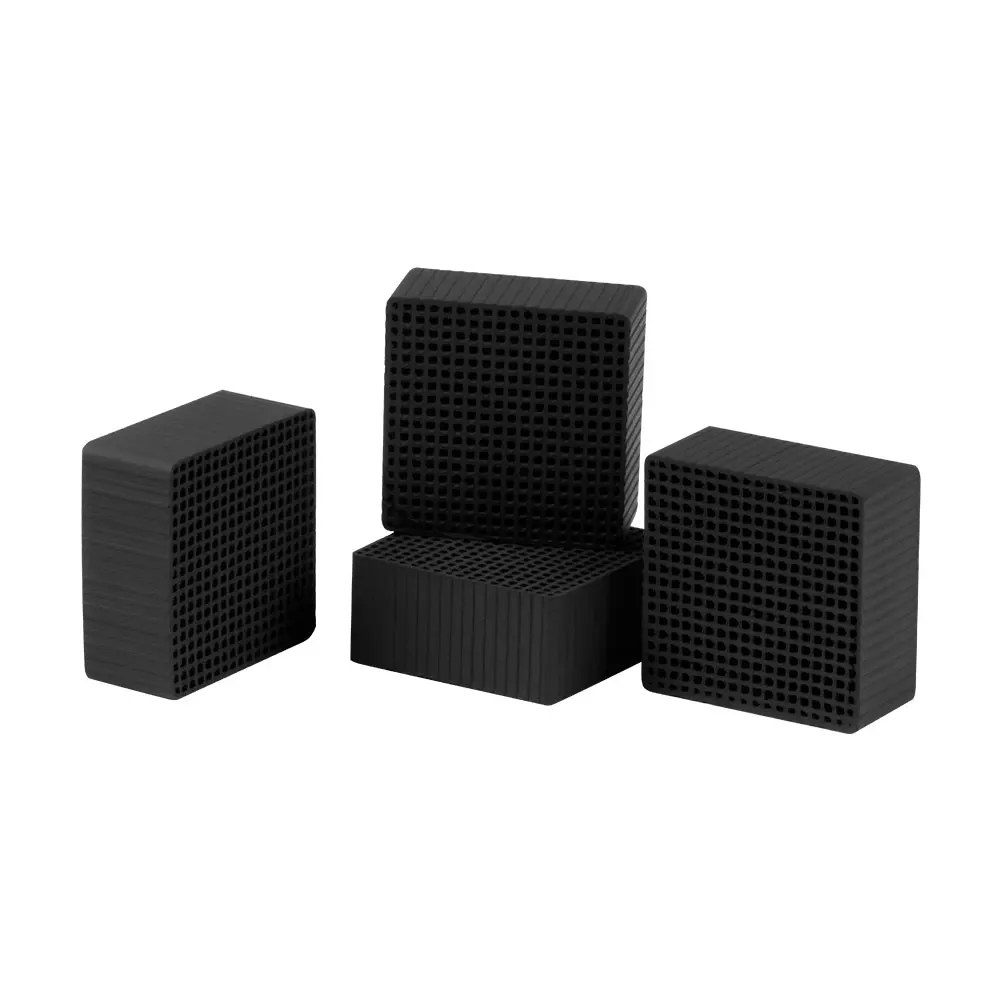 Thumbnail 2 - #69 Best Air Purifier Filters to Buy In 2026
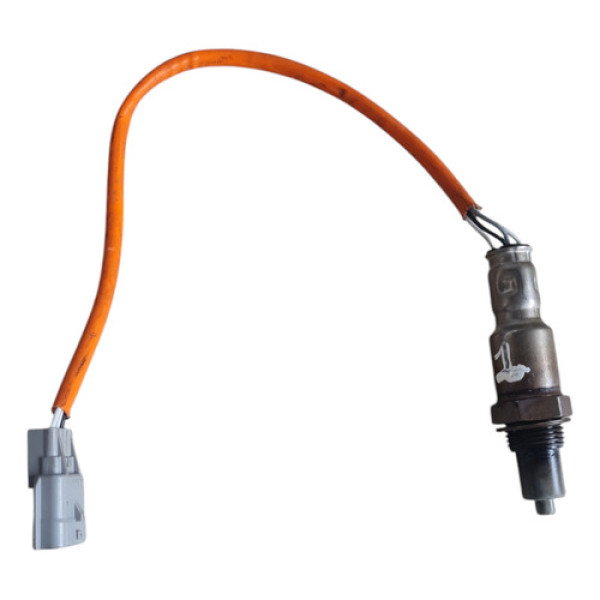 Sonda Lambda Renault Sandero Logan 1.0 3cc 2019 2024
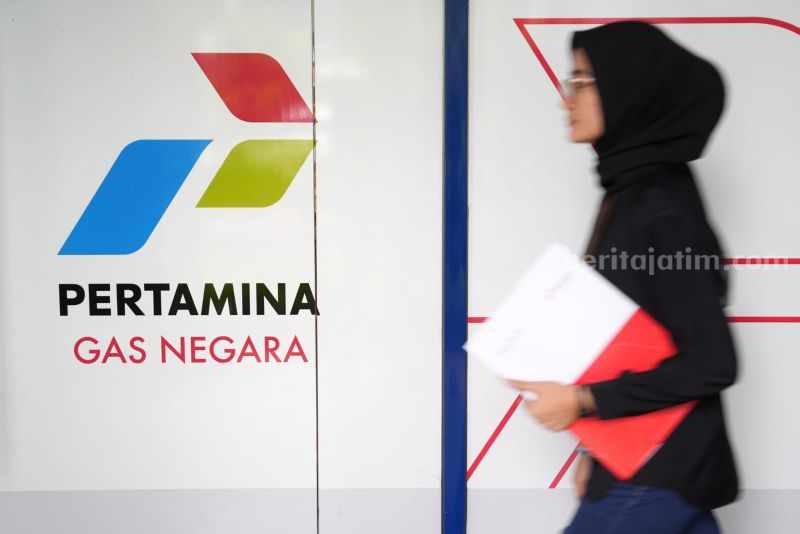 Foto Berita Jatim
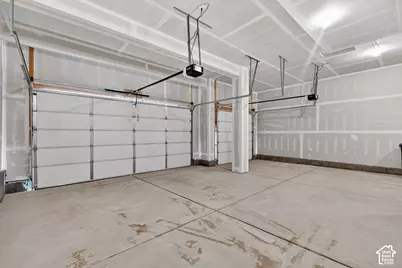 6374 S Ray Dr #111, South Weber, UT 84405 - Photo 34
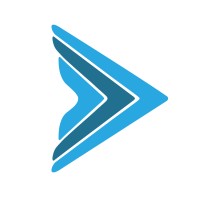 Persis Internet logo - Similar company to Delta Internet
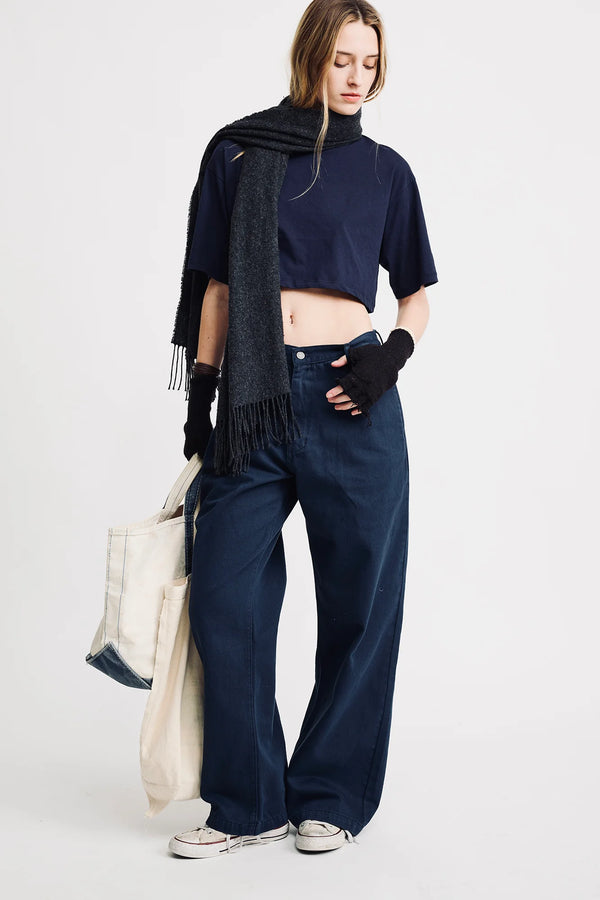 Pantalon Denimist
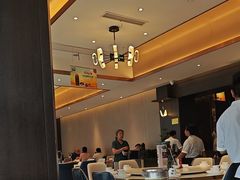 -蜀厨小匠·民间川菜(犀浦店)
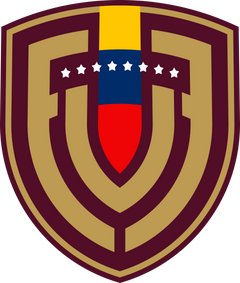 Venezuela — Reprezentácia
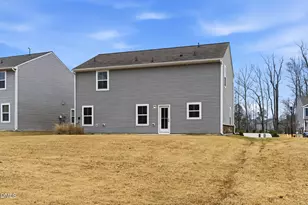 1436 Indigo Creek Dr, Zebulon, NC 27597 - Photo 26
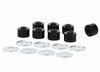 Whiteline Sway Bar - Link Bushing Kit (Ranger 06-11 / BT-50 06-11)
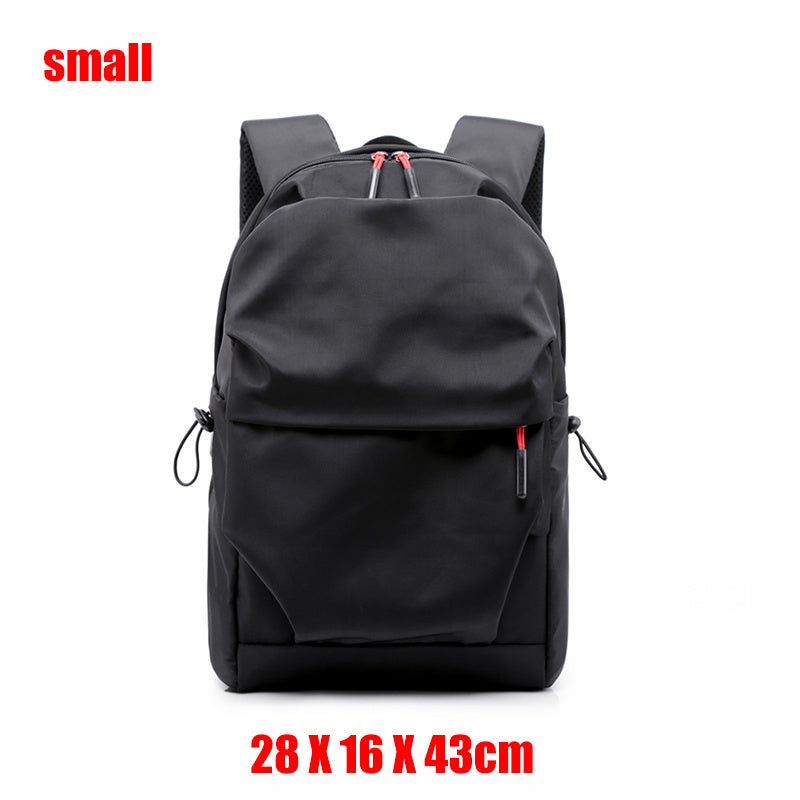 Multifunctional Computer Waterproof Backpack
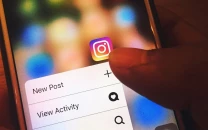 meta tightens teen safeguards on instagram with pg 13 style content filters meta tightens teen safeguards on instagram with pg 13 style content filters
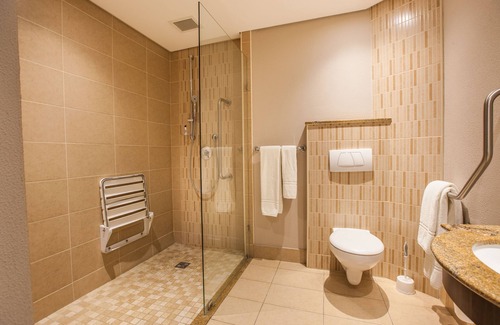 Gaborone Hotel | Town Lodge Gaborone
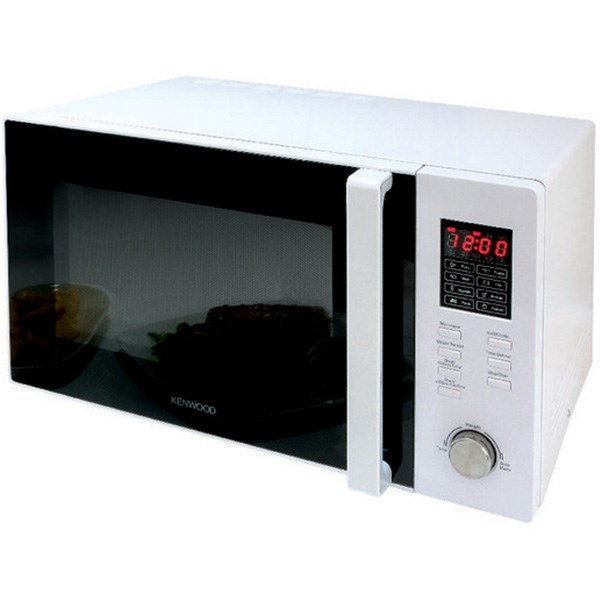 مایکروویو کنوود مدل mwl210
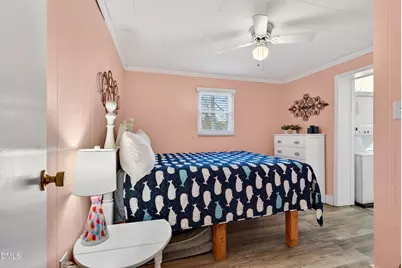 3190 Calley Drive, Bullock, NC 27507 - Photo 17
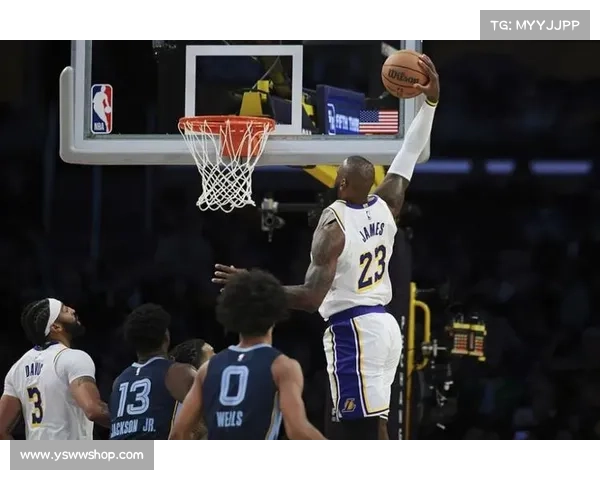 2020年12月28日nba比赛录像回放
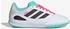 Adidas Super Sala Competition III Kids IN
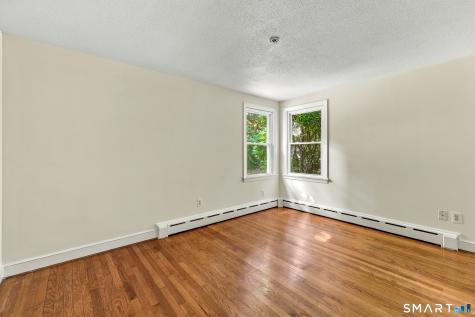243 Elm Street Windsor Locks CT 06096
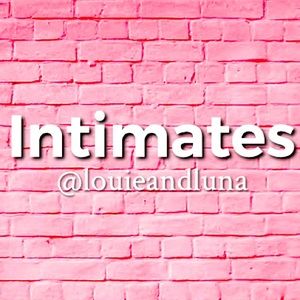 How about a little something sexy?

= = =

**WHAT TO DO:**
Only the lines from the one containing "Adidas Super Sala Competition III Kids IN" to the end of the listing belong in the answer, exactly as they stand and with no pictures.

**EXERCISE RESULT:**
 Adidas Super Sala Competition III Kids IN
243 Elm Street Windsor Locks CT 06096
 How about a little something sexy?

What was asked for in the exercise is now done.